This process is mostly relevant for introduction/discussion sections where you're trying to consolidate a lot of external information. In a nutshell:
- I started this process very early on, maybe 1 year into my PhD, and each day I was contributing a little bit to the final thesis. That way I always felt like I was making a little bit of progress, without feeling overwhelmed with trying to write 100+ pages in a short amount of time
- Whenever I read a research paper, I would write a 1 line summary of the main finding into my outline. This includes the citation to the paper (use a ref manager to help)
- Over time, these 1 line summaries will naturally group into relevant/related topics, so I would create sub headers for them
- As these sections fill out, it's also useful to write "connecting sentences" that explain how you would transition from one paper/summary/idea into the next. This is probably the most important part
- Every few months, take a big picture view of the growing outline and add/remove/rearrange things to help tidy up the structure
After a couple of years of this process, where you're contributing just a little bit each day, you end up with a very detailed "outline" that contains all of your ideas, how they're related to each other, how you will transition from 1 idea to the next, and all of the relevant references. Over time my outline grew to about 25% the size of my final thesis.
The thesis almost writes itself at this point, because you just need to go in and add some proper grammar and flesh things out a bit. The final thesis itself only took about 1-2 weeks to put together, although technically I had been "writing" it for a few years
Where to start - writing up a PhD thesis
I am 2 1/2 years in a a part time PhD and really struggling to know where to start with the writing up phase.
I have enough research, although this is obviously subject to change, but really don't know where to start...it feels completely overwhelming.
It sounds to me like you are wanting to start earlier than necessary, and there's nothing wrong with that.

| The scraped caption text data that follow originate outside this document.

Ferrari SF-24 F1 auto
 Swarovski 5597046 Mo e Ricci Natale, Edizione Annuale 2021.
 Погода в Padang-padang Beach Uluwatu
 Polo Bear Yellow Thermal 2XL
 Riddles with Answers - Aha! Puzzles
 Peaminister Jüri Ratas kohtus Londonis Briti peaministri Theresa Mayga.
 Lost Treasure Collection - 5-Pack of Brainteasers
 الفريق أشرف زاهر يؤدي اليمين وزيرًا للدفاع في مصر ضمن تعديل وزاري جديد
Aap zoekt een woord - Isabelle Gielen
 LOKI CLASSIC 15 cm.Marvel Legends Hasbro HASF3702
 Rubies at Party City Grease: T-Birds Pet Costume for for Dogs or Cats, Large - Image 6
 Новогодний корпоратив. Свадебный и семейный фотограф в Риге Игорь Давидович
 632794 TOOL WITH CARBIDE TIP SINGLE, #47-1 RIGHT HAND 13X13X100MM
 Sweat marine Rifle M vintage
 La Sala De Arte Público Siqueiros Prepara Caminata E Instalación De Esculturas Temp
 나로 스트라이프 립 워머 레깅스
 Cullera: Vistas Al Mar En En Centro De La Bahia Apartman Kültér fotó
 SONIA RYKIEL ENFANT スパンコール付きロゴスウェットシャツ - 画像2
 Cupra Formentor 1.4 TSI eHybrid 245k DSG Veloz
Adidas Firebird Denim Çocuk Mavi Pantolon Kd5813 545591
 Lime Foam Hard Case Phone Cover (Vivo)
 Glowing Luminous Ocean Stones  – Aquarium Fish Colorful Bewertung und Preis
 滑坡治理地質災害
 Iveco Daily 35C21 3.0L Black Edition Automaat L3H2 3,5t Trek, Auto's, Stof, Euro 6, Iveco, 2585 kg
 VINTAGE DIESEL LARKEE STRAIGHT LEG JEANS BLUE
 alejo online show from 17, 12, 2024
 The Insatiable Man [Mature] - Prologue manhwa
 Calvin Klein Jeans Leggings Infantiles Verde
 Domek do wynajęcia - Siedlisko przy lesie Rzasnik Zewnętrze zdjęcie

One of the pitfalls many thesis-writers fall into is simply writing too much; too many background chapters or too much literature review (every paper I've ever read that's somewhat related) making their thesis too front-end heavy.
This costs valuable time and may lead to some committee members to simply skim or completely skip reading big chunks of your thesis.
So I always recommend students to build their thesis like a house.
- Start with the structure. An outline with enumerated chapters and descriptive chapter titles. If you think each chapter will take two weeks to write, multiply that by 2 and then again by pi. Write those numbers down on your outline and add them up. Ouch! This prevents you from suddenly adding spurious or notional chapters without thinking about the consequences.
- Now add descriptive subsection titles to each chapter.
- Under each subsection, add notes for what figures (if any) you plan on putting there, and start adding the references you're likely to cite there.
Now you have a structure, a framework, a "map of work" and its associated estimate of how long it will take.
Then do your "interior decoration" one room at a time
You will see that for some parts you are pretty clear what is needed to say, and to include (figures, references) and you can probably start roughing out some text today.
And for others, it's still murky or unclear because the research is incomplete or things may change. Decide on a date when you'll start working on those.
Of course this is a "living document" and will evolve as your research and understanding of the work evolves. But try to be very careful not to add anything to it without taking away something else, because it's so easy to end up with a runaway thesis or "never ending story".